I want to combine the directory name of HDFS with awk. Does this workable? The directory name, not the file name. Here is my awk work fine in the local:

awk 'NR <= 1000 && FNR == 1{print FILENAME}' ./* 

And then I want to combine it with hadoop fs -ls like this:

hadoop fs -ls xxx/* | xargs awk 'NR <= 1000 && FNR == 1{print FILENAME}'

but show me: awk: cmd. line:2: fatal: cannot open file `-rwxrwxrwx' for reading (No such file or directory)

I also have tried like:

awk 'NR <= 1000 && FNR == 1{print FILENAME}' < hadoop fs -ls xxx/*
awk 'NR <= 1000 && FNR == 1{print FILENAME}' < $(hadoop fs -ls xxx/*)
awk 'NR <= 1000 && FNR == 1{print FILENAME}' $(hadoop fs -ls xxx/*)

These all failed without surprisingly, I consider awk execute file in the directory need read every file, not like the content of file that can pass it as streaming to awk. Am I right? Who can give me a workable solution to do that?

Thanks in advance.


Solution

  • It seems to me that you want to access files that are on a hadoop file-system. This is a virtual file-system, and you only have access to the meta-data of your file. If you want to operate on your file, it is then also important to first copy the file locally. This can be done using hadoop fs -get. After creating a local copy, you can start operating on the files. There is however an alternative way using hadoop fs -cat.

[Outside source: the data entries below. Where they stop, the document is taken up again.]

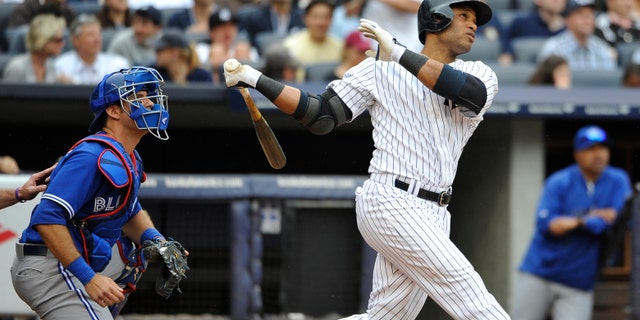 FILE - In this May 18, 2013 file photo, Toronto Blue Jays catcher J.P. Arencibia and New York Yankees Robinson Cano watch Cano's two-run home run off of starting pitcher Brandon Morrow in the fifth inning of a baseball game at Yankee Stadium in New York. On the first deadline day of the offseason, teams had until 5 p.m. to make $14.1 million qualifying offers to their eligible free agents, a group that includes Cano, Jacoby Ellsbury, Carlos Beltran and Shin-Soo Choo. (AP Photo/Kathy Kmonicek, File)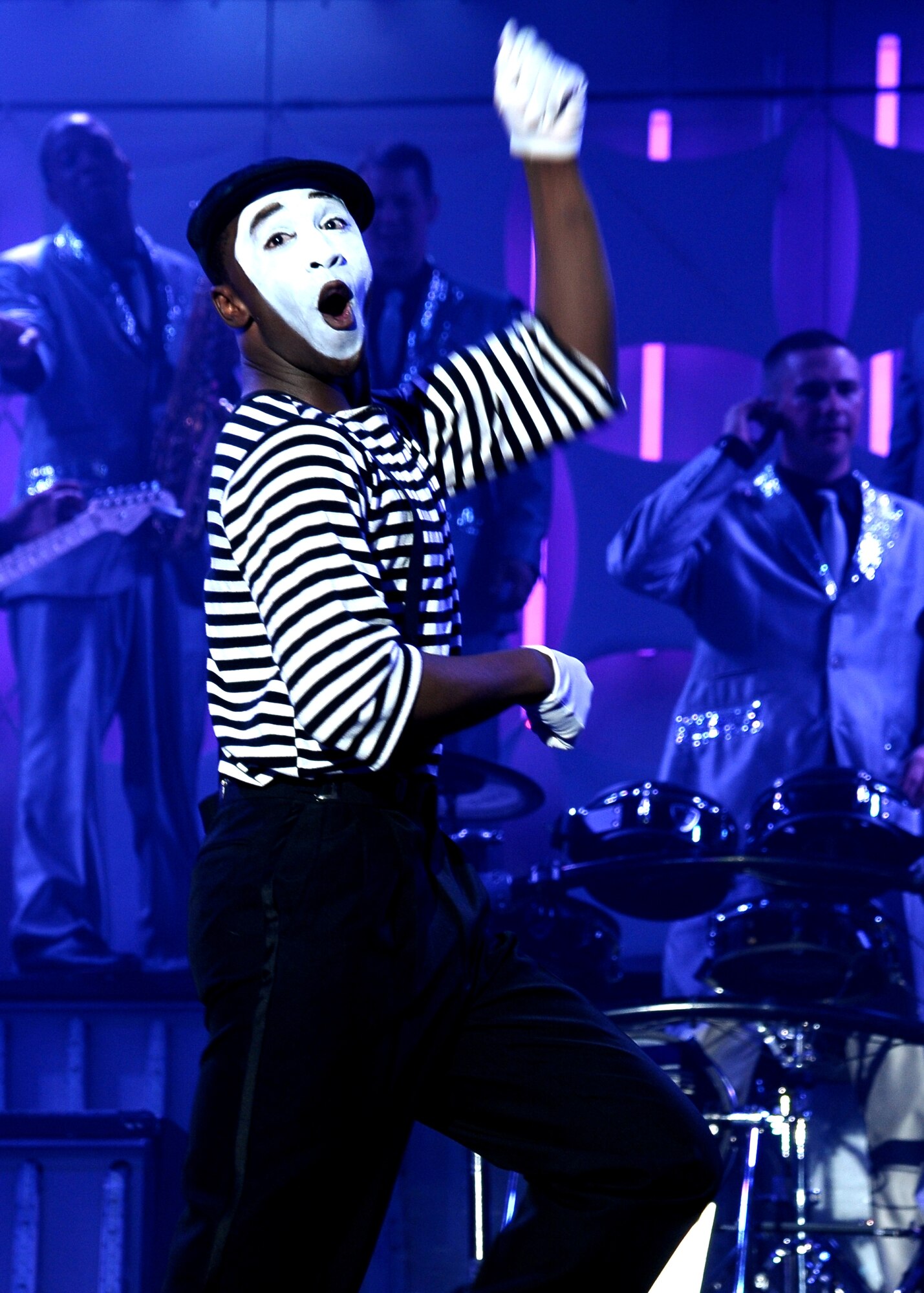 Senior Airman Charles Cooper, Tops in Blue 2012 vocalist, performs an act as a mime in the Tops in Blue “Listen!” 2012 World Tour Aug. 11 in Columbus, Miss.  After the competitive selection process those chosen for the Tops in Blue team must attend 60 days of training to hone their skills and prepare them for the tour ahead. (U.S. Air Force Photo/Airman 1st Class Charles Dickens)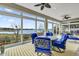 Bright sunroom with water views and comfortable seating at 3545 Lia Ln, The Villages, FL 32163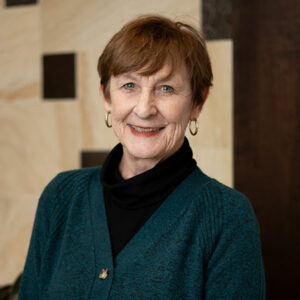 Headshot of Pat Hastings in a teal cardigan and black turtleneck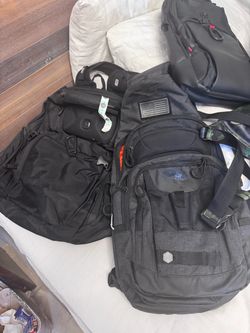 TUMI and other Backpacks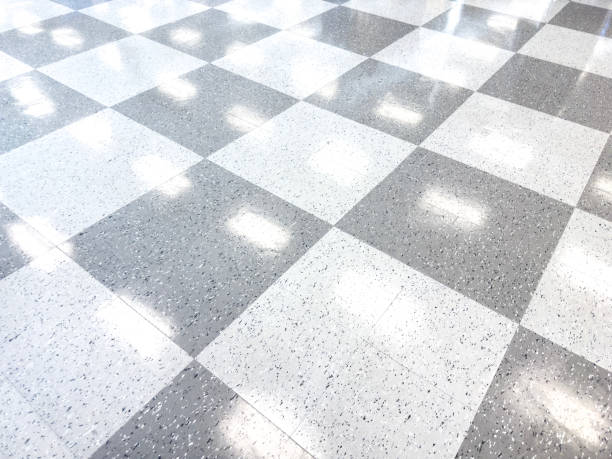 Reflective checkerboard pattern on a stylish garage floor coating.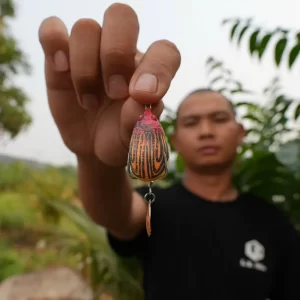 Cận cảnh mồi câu lure Bọ LK màu cam trên tay cần thủ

    Normally I would say Never parse the output of ls, but with Hadoop, you don't have a choice here. The output of hadoop fs -ls is not similar to the standard output of the Unix/Linux command ls. It is closely related to ls -l and returns the following output:

    permissions number_of_replicas userid groupid filesize modification_date modification_time filename
    

    using this and piping it to awk we get a list of files that are of use. So we can now just setup a while-loop:

    c=0
    while read -r file; do
       [ $c -le 1000 ] && echo "${file}"
       nr=$(hadoop fs -cat "${file}" | wc -l)
       ((c+=nr))
    done < <(hadoop fs -ls xxx/* | awk '!/^d/{print substr($0,index($8,$0))}')
    

    note: your initial error was due to the non-unix-like output of hadoop fs -ls. The program awk received a filename -rwxrwxrwx which is actually a permission of the file itself.